#### Supplied data
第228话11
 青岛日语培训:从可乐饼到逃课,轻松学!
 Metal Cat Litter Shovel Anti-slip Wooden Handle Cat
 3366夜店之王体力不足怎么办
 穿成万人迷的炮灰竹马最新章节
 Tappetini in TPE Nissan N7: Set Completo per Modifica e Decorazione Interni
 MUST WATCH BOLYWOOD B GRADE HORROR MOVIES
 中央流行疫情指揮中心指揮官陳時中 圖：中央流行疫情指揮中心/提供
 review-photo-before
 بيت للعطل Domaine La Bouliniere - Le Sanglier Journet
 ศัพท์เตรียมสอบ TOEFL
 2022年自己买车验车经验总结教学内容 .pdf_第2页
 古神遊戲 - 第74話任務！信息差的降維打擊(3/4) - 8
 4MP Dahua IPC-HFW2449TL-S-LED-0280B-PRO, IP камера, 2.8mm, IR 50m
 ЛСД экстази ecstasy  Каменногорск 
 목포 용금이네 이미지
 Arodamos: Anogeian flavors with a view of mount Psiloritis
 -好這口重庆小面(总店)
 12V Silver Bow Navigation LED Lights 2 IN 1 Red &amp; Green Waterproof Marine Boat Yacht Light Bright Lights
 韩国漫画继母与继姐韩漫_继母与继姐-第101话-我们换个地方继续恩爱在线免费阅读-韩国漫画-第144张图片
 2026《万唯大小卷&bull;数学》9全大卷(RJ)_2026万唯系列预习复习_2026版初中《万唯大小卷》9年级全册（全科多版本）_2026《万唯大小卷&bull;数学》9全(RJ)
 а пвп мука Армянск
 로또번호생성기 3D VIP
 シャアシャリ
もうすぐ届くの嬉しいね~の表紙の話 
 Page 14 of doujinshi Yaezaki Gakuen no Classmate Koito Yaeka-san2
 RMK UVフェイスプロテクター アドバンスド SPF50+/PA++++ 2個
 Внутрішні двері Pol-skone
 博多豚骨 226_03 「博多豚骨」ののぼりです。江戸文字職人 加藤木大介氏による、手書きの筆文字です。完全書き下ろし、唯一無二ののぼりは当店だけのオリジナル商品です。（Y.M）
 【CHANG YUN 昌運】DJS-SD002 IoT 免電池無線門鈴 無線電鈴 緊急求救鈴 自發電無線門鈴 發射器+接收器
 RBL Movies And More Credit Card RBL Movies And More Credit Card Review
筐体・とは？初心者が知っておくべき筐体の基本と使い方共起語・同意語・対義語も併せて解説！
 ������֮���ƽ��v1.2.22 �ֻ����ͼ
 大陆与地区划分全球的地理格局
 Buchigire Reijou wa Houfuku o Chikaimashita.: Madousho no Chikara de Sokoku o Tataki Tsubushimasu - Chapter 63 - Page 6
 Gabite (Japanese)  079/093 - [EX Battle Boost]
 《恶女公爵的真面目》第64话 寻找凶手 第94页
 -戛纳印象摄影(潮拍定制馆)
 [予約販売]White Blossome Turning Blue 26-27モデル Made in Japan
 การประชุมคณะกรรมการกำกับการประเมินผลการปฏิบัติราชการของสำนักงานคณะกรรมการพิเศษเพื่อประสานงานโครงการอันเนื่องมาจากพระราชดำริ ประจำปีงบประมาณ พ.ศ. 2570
########
» Work required
Restate precisely, and with nothing added, the lines from the one with "大陆与地区划分全球的地理格局" through the final line of the material.

» Solution to this task
 大陆与地区划分全球的地理格局
 Buchigire Reijou wa Houfuku o Chikaimashita.: Madousho no Chikara de Sokoku o Tataki Tsubushimasu - Chapter 63 - Page 6
 Gabite (Japanese)  079/093 - [EX Battle Boost]
 《恶女公爵的真面目》第64话 寻找凶手 第94页
 -戛纳印象摄影(潮拍定制馆)
 [予約販売]White Blossome Turning Blue 26-27モデル Made in Japan
 การประชุมคณะกรรมการกำกับการประเมินผลการปฏิบัติราชการของสำนักงานคณะกรรมการพิเศษเพื่อประสานงานโครงการอันเนื่องมาจากพระราชดำริ ประจำปีงบประมาณ พ.ศ. 2570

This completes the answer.